Explain to the leaving employee that they will not be penalised for anything they say.

You may want to simply have a free-ranging discussion or alternatively prepare a set of open-ended questions such as:

  • What made you look for another role?
  • What could we have done to keep you with the organisation?
  • What do you like about the company?
  • What do you dislike about the company?
  • Were you given enough training and development?
  • How do you feel about the management of the organisation?

Records from exit interviews should be kept and analysed.  If there are recurring themes, these should be highlighted to the senior management team for action.

If the employee makes accusations during an exit interview, do not jump to conclusions.  All accusations must be fully investigated using whatever procedures are in place for doing so.  You also need to bear in mind that an employee’s answers may be tempered by their need for a reference for future positions.

Used correctly, an exit interview can provide a valuable source of information to help businesses improve.  They can highlight failures in processes and managers who may need further training on aspects of the way they work.

Young Workers

A “young worker” is defined as someone above school leaving age and under 18 for the purposes of the Working Time Regulations.

Employers should be aware of specific rules and regulations which apply to young workers including:

  • rest breaks – a 30-minute break every four and a half hours, a daily rest of 12 hours and a weekly rest of 48 hours
  • maximum weekly working hours – 16 and 17-year-olds cannot normally work more than eight hours a day or 40 hours a week.  These hours cannot be averaged and there can be no opt-out.
  • Minimum Wage – there are set National Minimum Wage levels for workers under 18 (currently £3.79 per hour).

Employers should also be aware of general provisions in relation to health and safety, such as ensuring young workers are not exposed to risk due to a lack of experience, being unaware of existing or potential risks and/or lack of maturity.

Zero-hours contracts

A “zero-hours contract” is a contract which does not specify a minimum number of hours of work to be provided by the employer or to be worked by the employee. In essence, the employee only works when required to by the employer.

Zero-hours contracts were introduced to allow for flexibility in the workplace, in particular for businesses that have fluctuating workloads, for example, in the retail sector or where demand for staff is seasonal or prone to unexpected peaks of activity.    Under a zero-hours contract, employees are only paid for the hours they work and they may be called in at short notice.

Depending on which statistics you look at, the proportion of people on zero-hours contracts varies from 1% to 4% and, according to research by the Chartered Institute of Personnel and Development:

  • almost 20% of employers have at least one employee on a zero-hours contract;
  • they are most prevalent in the voluntary and public sectors;
  • the most common sectors to use zero-hours contracts are catering, education and healthcare.

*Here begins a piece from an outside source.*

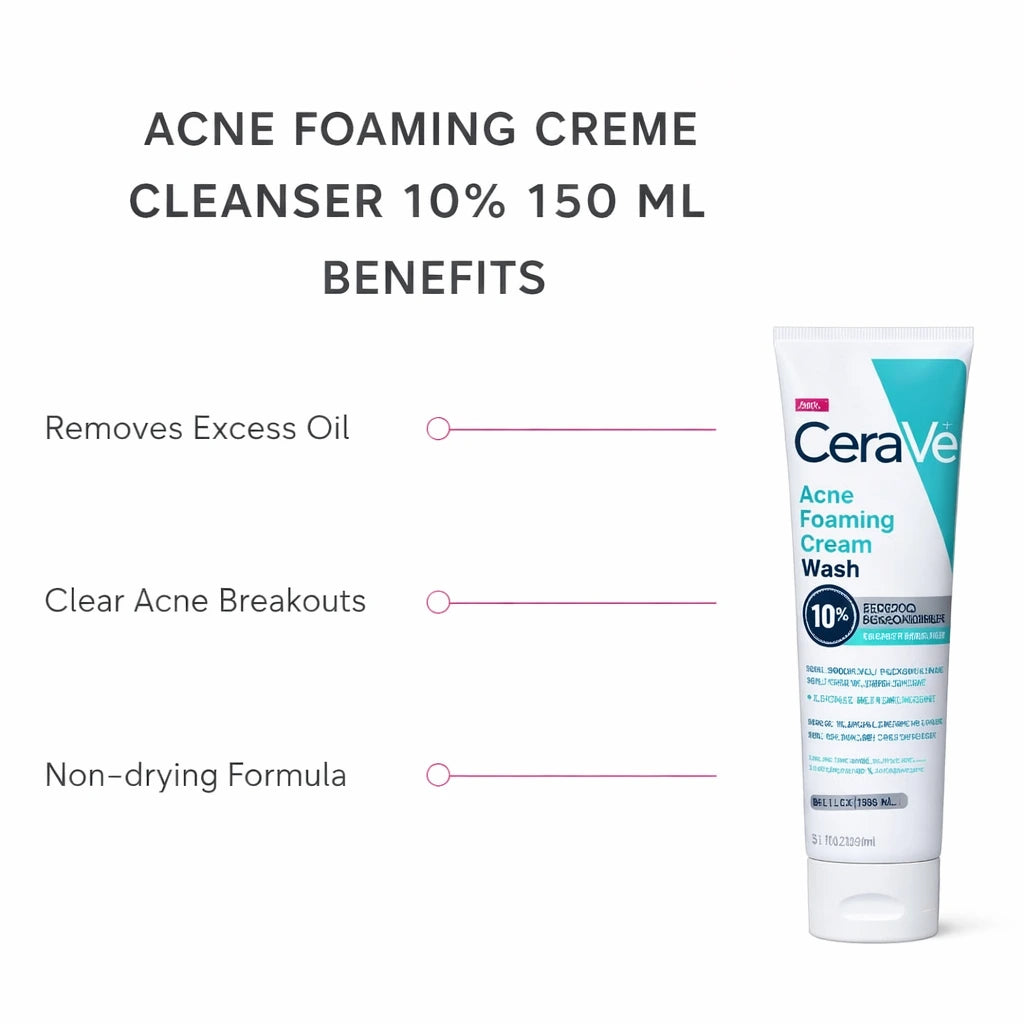 CeraVe acne foaming cream cleanser 10% 150 ML with benefits listed on a white background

Recent media coverage has focused on exclusivity clauses in zero-hours contracts which prevent employees working for another employer, despite having no security of a guaranteed number of hours from their main employer.  Whilst many employers are responsible in their use of zero-hours contracts (because the flexibility works for both the employer and the employee), other employers have been seen to be exploiting employees, given the lack of security which comes with a zero-hours contract and the perceived unfairness of exclusivity clauses.  The Government has indicated an intention to ban exclusivity clauses in zero-hours contracts in the near future.